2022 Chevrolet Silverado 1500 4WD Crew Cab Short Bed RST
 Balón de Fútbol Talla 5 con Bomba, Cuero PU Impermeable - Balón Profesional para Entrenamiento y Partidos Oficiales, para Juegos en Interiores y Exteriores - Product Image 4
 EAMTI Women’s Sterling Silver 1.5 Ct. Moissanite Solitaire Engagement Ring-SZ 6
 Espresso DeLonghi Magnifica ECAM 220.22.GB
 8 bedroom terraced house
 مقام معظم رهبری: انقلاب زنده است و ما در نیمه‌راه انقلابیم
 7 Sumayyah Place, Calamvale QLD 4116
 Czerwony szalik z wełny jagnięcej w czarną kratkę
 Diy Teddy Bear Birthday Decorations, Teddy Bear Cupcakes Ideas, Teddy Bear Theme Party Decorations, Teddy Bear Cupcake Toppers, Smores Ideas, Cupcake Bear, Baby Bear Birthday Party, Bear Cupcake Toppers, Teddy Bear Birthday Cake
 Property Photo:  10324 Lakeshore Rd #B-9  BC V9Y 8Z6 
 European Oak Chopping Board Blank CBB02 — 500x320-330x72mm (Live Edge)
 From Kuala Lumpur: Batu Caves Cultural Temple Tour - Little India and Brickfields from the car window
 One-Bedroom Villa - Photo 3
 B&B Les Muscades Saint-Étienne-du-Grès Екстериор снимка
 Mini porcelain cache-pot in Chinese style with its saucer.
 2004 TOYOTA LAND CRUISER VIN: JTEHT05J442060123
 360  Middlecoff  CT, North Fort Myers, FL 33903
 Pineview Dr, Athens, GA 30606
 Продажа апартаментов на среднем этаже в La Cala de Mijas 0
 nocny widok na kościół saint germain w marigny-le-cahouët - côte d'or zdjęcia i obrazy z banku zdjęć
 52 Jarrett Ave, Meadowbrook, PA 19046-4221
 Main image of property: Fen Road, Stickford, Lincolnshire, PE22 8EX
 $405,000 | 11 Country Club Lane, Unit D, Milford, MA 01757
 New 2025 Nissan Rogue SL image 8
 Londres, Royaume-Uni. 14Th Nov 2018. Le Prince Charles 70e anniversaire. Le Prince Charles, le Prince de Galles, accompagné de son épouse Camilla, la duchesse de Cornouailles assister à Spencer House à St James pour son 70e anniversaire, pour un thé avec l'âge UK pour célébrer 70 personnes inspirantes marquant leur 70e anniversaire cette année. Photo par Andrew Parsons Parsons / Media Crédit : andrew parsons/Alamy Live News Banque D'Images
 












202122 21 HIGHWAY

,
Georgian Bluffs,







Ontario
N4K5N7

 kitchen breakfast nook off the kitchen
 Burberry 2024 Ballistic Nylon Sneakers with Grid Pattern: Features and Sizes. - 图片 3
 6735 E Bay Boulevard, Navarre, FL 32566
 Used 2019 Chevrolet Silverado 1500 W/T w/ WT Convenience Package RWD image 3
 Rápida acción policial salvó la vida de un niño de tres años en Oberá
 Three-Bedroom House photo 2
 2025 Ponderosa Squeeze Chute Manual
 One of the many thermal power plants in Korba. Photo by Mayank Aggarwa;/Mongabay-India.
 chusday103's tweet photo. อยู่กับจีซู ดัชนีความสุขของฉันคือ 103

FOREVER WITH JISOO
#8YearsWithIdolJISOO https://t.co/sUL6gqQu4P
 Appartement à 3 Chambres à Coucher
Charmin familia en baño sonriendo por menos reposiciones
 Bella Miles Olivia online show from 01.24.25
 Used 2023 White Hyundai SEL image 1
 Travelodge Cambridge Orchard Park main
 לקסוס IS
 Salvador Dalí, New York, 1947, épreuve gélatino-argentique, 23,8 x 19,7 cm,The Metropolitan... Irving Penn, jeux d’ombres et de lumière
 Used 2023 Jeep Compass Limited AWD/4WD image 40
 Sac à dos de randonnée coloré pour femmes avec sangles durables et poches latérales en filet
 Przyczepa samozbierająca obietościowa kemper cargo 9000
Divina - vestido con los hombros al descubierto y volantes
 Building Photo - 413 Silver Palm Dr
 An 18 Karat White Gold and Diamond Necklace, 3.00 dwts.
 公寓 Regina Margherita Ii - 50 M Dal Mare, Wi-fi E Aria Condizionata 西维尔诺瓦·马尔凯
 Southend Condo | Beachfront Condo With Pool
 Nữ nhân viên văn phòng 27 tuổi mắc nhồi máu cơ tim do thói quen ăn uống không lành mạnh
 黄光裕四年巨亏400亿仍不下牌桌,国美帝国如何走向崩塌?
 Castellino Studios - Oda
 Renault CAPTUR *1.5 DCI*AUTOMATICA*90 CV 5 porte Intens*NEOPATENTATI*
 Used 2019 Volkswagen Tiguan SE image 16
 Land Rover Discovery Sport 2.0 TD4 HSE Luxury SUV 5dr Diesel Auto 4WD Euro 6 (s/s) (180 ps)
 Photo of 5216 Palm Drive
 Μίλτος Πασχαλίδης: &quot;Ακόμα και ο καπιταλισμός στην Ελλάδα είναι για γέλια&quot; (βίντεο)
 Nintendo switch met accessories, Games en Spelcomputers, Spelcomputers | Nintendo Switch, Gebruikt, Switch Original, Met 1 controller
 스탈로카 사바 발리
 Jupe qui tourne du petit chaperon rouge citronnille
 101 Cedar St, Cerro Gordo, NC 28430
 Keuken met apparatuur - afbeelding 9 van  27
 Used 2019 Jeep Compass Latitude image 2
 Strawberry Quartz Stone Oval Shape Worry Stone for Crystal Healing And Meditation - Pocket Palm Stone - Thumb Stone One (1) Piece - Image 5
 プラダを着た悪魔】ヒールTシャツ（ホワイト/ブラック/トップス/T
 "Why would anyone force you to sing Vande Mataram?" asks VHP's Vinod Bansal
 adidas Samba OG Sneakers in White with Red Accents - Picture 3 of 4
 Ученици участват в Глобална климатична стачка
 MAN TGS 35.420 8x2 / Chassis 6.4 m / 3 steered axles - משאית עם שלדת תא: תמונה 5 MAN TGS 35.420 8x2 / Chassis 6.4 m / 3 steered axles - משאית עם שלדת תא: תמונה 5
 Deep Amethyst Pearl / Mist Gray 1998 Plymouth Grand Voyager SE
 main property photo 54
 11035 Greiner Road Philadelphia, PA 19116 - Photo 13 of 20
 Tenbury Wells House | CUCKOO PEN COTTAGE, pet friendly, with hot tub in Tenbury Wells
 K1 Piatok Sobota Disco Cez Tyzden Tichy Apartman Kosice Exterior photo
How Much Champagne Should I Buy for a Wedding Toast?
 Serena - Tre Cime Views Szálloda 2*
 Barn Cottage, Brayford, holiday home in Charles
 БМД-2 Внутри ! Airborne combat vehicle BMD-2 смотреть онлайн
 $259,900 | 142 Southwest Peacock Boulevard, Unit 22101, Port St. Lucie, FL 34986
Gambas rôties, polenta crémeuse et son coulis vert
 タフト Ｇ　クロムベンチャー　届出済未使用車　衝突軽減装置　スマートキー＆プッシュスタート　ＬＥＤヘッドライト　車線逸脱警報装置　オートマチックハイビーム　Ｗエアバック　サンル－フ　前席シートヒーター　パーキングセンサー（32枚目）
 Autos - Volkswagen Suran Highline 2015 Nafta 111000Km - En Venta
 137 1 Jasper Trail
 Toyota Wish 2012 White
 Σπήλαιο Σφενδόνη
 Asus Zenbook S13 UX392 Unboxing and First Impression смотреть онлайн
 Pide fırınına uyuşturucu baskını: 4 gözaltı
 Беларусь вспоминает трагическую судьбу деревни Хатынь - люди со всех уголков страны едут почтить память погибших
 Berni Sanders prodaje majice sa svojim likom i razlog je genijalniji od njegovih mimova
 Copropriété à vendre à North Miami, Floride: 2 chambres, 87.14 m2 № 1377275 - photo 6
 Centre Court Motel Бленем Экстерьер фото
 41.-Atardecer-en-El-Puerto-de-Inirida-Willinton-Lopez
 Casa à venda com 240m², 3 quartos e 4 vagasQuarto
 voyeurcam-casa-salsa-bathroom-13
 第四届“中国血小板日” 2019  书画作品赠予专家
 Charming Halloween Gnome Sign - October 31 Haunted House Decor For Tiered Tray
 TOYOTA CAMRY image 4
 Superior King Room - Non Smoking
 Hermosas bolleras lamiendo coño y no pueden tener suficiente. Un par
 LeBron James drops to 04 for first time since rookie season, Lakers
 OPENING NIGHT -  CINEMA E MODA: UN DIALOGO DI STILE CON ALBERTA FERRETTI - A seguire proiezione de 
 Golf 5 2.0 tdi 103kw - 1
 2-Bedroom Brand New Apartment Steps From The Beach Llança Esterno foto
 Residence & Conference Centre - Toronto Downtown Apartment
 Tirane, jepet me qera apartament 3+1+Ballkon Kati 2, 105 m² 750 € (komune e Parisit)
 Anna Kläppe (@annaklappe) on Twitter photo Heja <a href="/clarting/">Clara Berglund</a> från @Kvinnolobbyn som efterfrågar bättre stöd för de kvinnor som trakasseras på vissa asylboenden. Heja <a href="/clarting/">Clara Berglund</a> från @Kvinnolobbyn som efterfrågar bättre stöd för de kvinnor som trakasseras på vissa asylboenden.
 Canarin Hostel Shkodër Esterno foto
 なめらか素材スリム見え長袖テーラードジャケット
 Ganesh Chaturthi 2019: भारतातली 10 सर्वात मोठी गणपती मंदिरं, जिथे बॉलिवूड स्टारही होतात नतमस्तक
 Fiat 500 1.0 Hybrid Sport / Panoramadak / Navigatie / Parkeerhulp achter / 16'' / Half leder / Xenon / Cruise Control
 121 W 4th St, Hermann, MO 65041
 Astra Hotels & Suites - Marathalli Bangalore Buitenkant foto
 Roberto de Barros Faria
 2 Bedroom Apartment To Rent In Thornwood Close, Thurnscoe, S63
----------
In the listing above, find each line containing "Used" and copy it.

■ Task response
 Used 2019 Chevrolet Silverado 1500 W/T w/ WT Convenience Package RWD image 3
 Used 2023 White Hyundai SEL image 1
 Used 2023 Jeep Compass Limited AWD/4WD image 40
 Used 2019 Volkswagen Tiguan SE image 16
 Used 2019 Jeep Compass Latitude image 2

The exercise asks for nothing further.